吉村 昭氏といえば著作「陸奥爆沈」もそうだけど
結構、戦争にに詳しい小説家って勝手に思ってたが
彼自身がこの後書きにこう述べている。
長いけどざっくり転記する。

 戦争記録にほとんど関心がなく、戦争兵器の
 ことをずらずら書かれても、専門用語も多くて
 さっぱり。まったく創作意欲がわかない。

 そもそもは、昭和38年、友人のロシヤ文学者より
「戦艦武蔵の建造日誌」を借用したことから始まる。
 建艦にたずさわった長崎造船所の技師が
 米軍に回収されぬよう、秘匿していた
 大学ノート30冊にもおよぶモノ。
 しかしながらその紙面から、戦時中の
 あの異常な程の熱っぽい空気が吹き上げてくる
 ことに強い興味をいだいた。

 戦争を解明するには、戦時中に人間たちが示した
 エネルギーを大胆に直視するべきだ。そして
 そのエネルギーが大量の人命と物を浪費したことに
 戦争の本質がある気がする、そう思い至ったのである。

うーーん。
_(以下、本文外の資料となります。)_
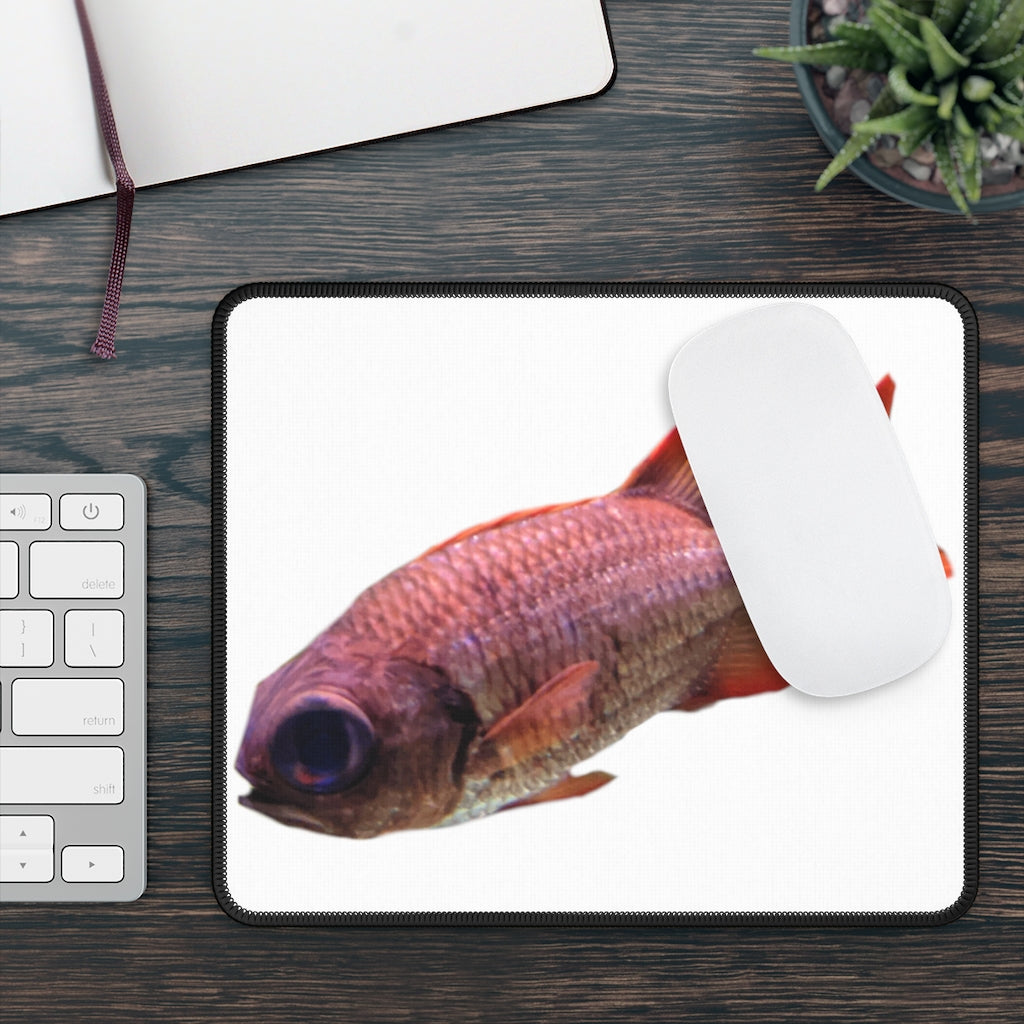 Colored Fish Gaming Mouse Pad featuring vibrant fish designs on a smooth surface, ideal for gaming and office use.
それで書いちゃいますか、こんな貴重な本。

あらすぢっつーか内容
内容(「BOOK」データベースより)
日本帝国海軍の夢と野望を賭けた不沈の戦艦
「武蔵」―厖大な人命と物資をただ浪費するために、
人間が狂気的なエネルギーを注いだ戦争の本質とは
何か?非論理的“愚行”に驀進した“人間”の
内部にひそむ奇怪さとはどういうものか?
本書は戦争の神話的象徴である「武蔵」の
極秘の建造から壮絶な終焉までを克明に綴り、
壮大な劇の全貌を明らかにした記録文学の
大作である。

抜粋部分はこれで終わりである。